Our realtor decided to advise me himself on how to “stage” our property, since he had been unable to find a professional designer in the time available.  I’m being awkward deciding to put the house on the market a fortnight before I go to Europe for six weeks; in Canada marketing a property is something that is usually planned and prepared months in advance. When the realtor told me he’d give the staging advice himself I was secretly relieved, because I suspected the chance I’d establish a rapport with a professional designer was slimmer than Keira Knightley.

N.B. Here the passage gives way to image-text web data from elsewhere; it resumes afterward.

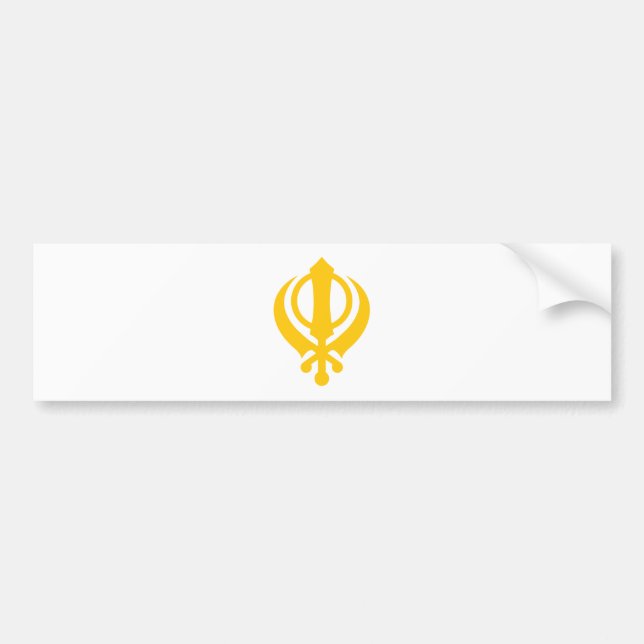 Pegatina Para Coche Oro sikh de Khanda (Frente)
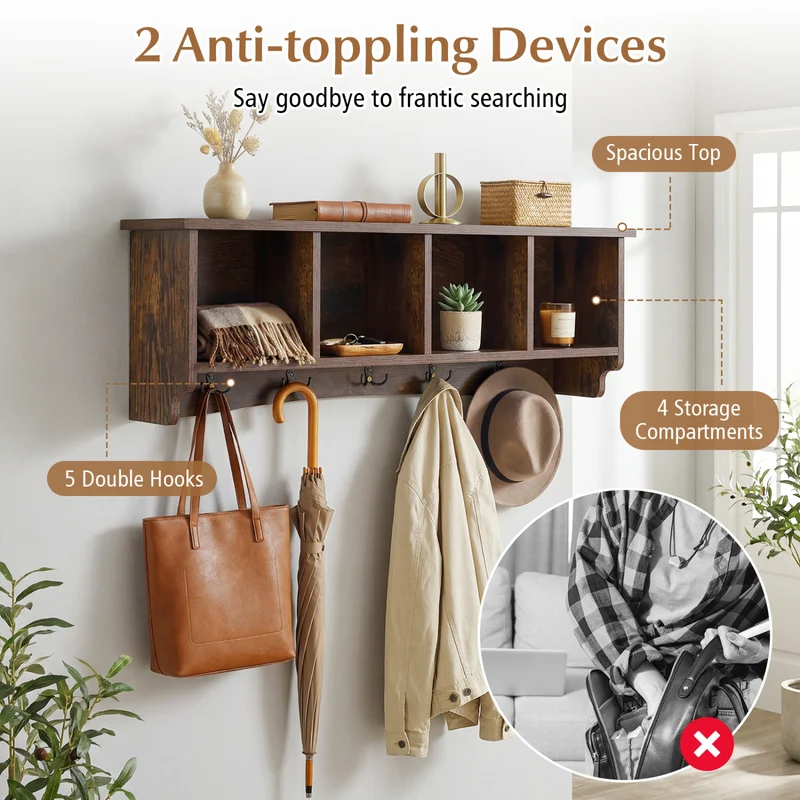 Hanging Entryway Shelf Coat Rack, Wall Mounted Storage Cabinet, Brown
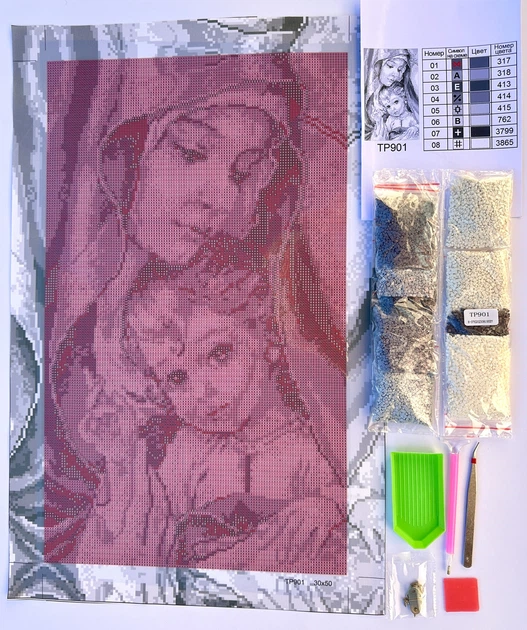 Набір алмазної мозаїки ColorArt 30х50 Ікона Богородиця з Ісусом сіра TP901 - изображение 2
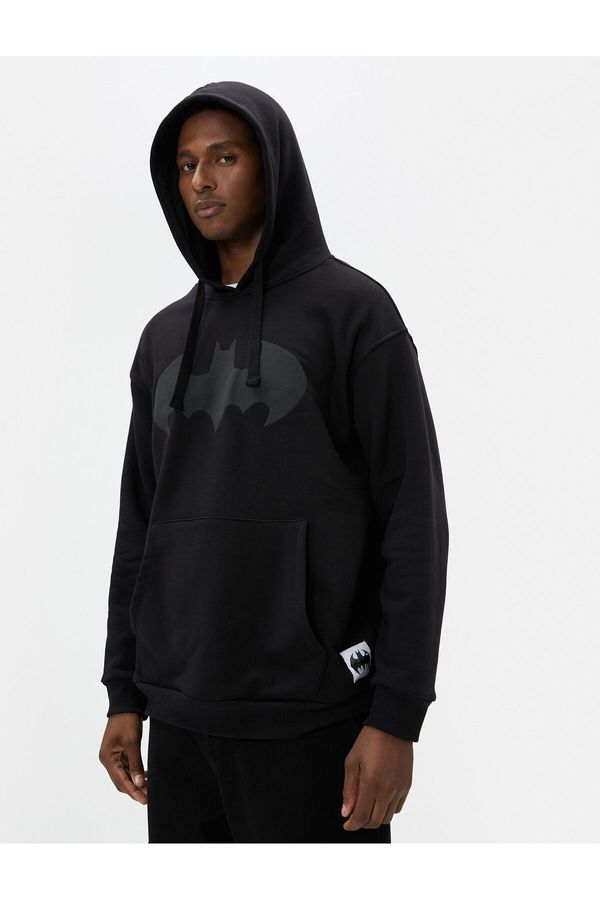 Koton Koton Batman Oversize Hoodie Kangaroo Pocket Licensed Printed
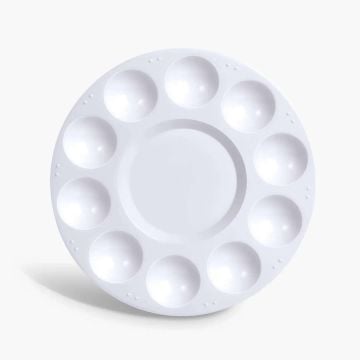 Gvn Art Plastik Yuvarlak Palet 10 Godeli 17cm F0071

He arrived yesterday and went round the house telling me to put a lot of stuff in our huge basement storage room, take up rugs, clear counters and so on. He insists on getting rid of our old battered sofa. We’re attached to that sofa, and so are our cats (sometimes literally), so it will be a wrench. Ian and I spent time yesterday evening reminiscing about all the good times we’ve had on the sofa and the cats that have used it.  We had one very small cat, whom we named Small, for whom our giant sofa was almost her entire territory. All the throwing and packing away and rearranging, as well as the cleaning  has to be done by Thursday when the photos are being taken. It would be  a lot to do even if I wasn’t hobbling around with a swollen right foot and a dodgy left knee, plus toothache, so I enlisted the help of a neighbour, who was wonderful this afternoon taking boxes downstairs after I’d packed them.  Another neighbour will help Ian move the sofa into the garage tomorrow evening.

We already have a key safe attached to our front door.  This will be used by the realtors for prospective buyers when they (not our realtor) show the house. The home owner is expected to vacate the property during the viewings.  If the owner makes a quick exit there is the risk of a Marie Celeste effect. When we were house hunting, the main bedroom of one home we looked at had a still warm bed with an oxygen tank next to it.  It worried me wondering where they’d hidden the emphysema patient. Was he sitting wheezing in his wheelchair in the garage?

When were first shown round this house, we were puzzled by the apparently spartan lifestyle of the owners (whom we have since met — they are charming and normal).  The house was so bare of furniture and possessions, we wondered if they belonged to a strict religious sect. Now I realize it was just the “staging”.